Spółka motywowała wniosek stratami, które strajk może spowodować; szacując potencjalną dobową stratę wynikającą z możliwego strajku na 20 mln zł. 3 lipca gliwicki sąd zdecydował o odrzuceniu wniosku spółki. Zażalenie na tę decyzję zostało - według Jabłońskiej-Bajer - złożone 13 lipca.
Zobacz także:
JSW: będą manifestować przed siedzibą zarządu
Związkowcy oczekują z decyzją o ewentualnej eskalacji formy protestów na ostateczną decyzję sądu w tej sprawie. Na początku sierpnia deklarowali, że złożyli do sądu apelacyjnego swe stanowisko odnośnie wniosku spółki.
Prowadzony od kilku miesięcy przez związki spór z zarządem JSW dotyczy tegorocznego wzrostu płac oraz warunków umów zawieranych z nowymi pracownikami.
6 lipca w kopalniach spółki odbył się strajk ostrzegawczy - załoga nie pracowała przez dwie godziny na każdej z czterech zmian. Po tym proteście strony wróciły do rozmów, jednak mimo kilku spotkań nie osiągnięto kompromisu. W ostatnich dniach Międzyzakładowy Komitet Protestacyjno-Strajkowy zdecydował o przeprowadzeniu w środę rano pikiety przed siedzibą spółki.
Jak zapowiedział wiceszef Solidarności w JSW Roman Brudziński, pikieta ma zawierać elementy happeningu. "Zamierzamy obrazowo przedstawić, jaka jest różnica między tym, co opowiada prezes (JSW Jarosław - PAP) Zagórowski, a tym, ile naprawdę zarabiają górnicy w JSW. Odwołamy się też m.in. do wydarzeń sprzed 32 lat" - zapowiedział Brudziński.
Związkowcy uważają, że wprowadzany w nowych umowach sześciodniowy tydzień pracy kopalń, w którym sobota traktowana jest jak dzień powszedni, łamie zasadę wolnej soboty wywalczonej w 1980 r. w Porozumieniach Jastrzębskich. Również według protestujących pozbawienie nowych pracowników uprawnień wynikających z tzw. Karty Górnika ma być sprzeczne z prawem.
We wtorek zarząd JSW wystosował, opublikowany m.in. na stronie internetowej spółki, list do pracowników, w którym ponawia swe wcześniejsze propozycje wzrostu stawek zasadniczych płac o 2,8 proc. od sierpnia, wypłaty we wrześniu jednorazowej premii oraz wdrożenia mechanizmu wzrostu stawek zasadniczych płac na przyszłe lata o wskaźnik inflacji.

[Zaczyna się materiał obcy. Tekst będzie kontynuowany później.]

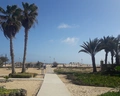 Oasis Atlantico Belorizonte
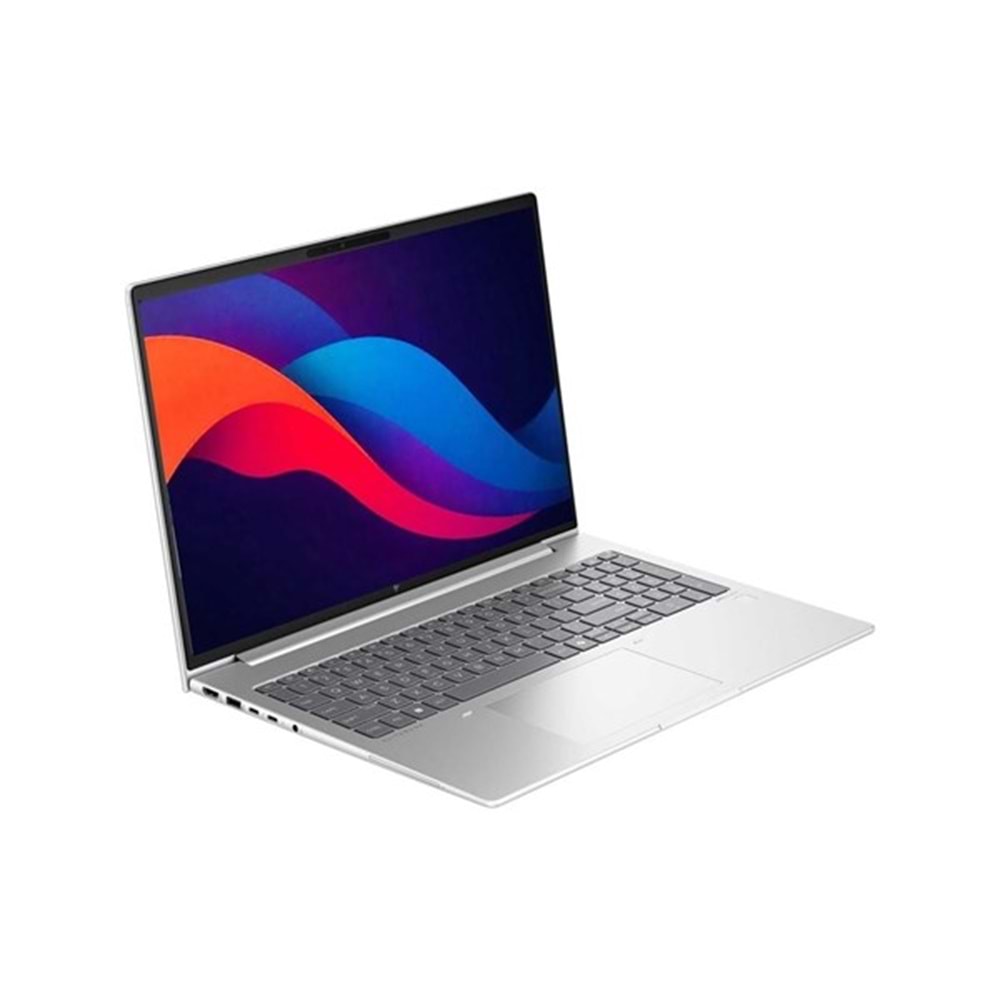HP 16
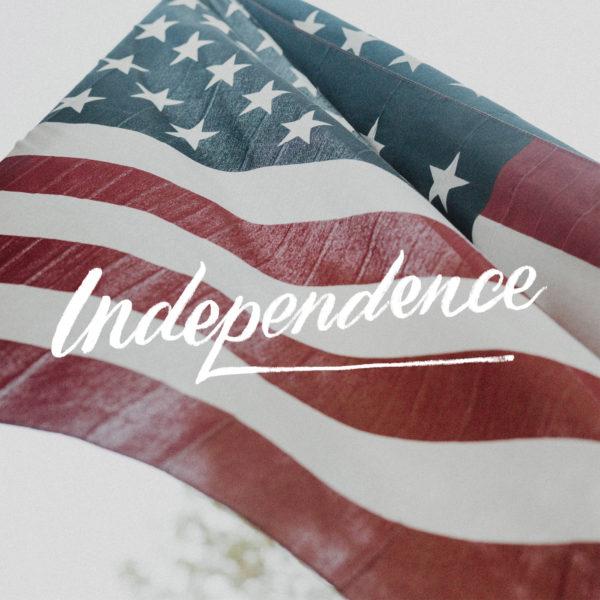 Independence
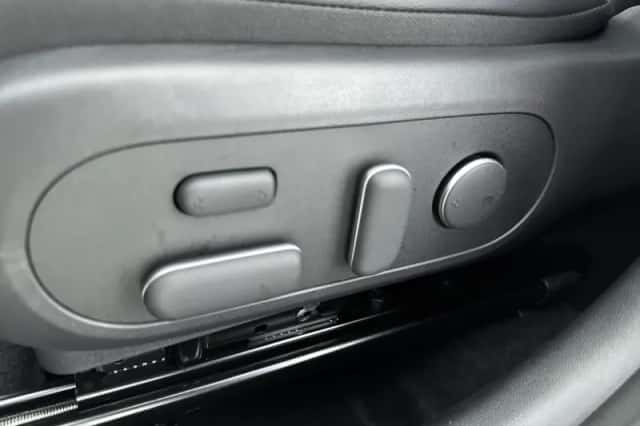 Hyundai Kona (2026) thumbnail 22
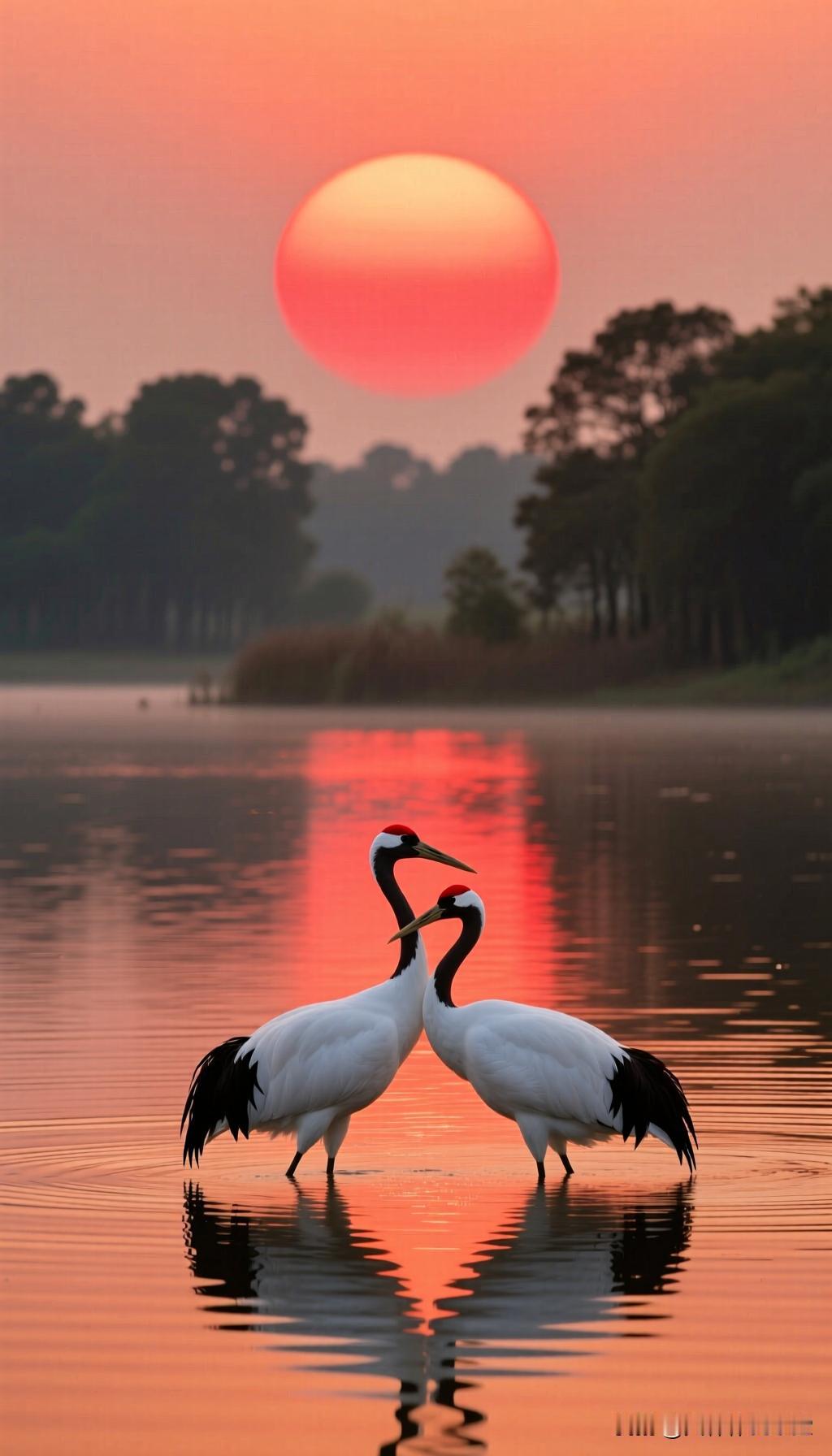 老公出差，五岁儿子突然拉着我，一脸认真地说：“妈妈，别人都有妹妹，你也给我生个妹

Zarząd poinformował też, że zwrócił się do Państwowej Inspekcji Pracy z pytaniem, czy możliwe jest - zgodnie z prawem pracy - wdrożenie proponowanej podwyżki stawek płac bez akceptacji organizacji związkowych. Związki chciały wzrostu stawek płacy zasadniczej od lutego o 7 proc.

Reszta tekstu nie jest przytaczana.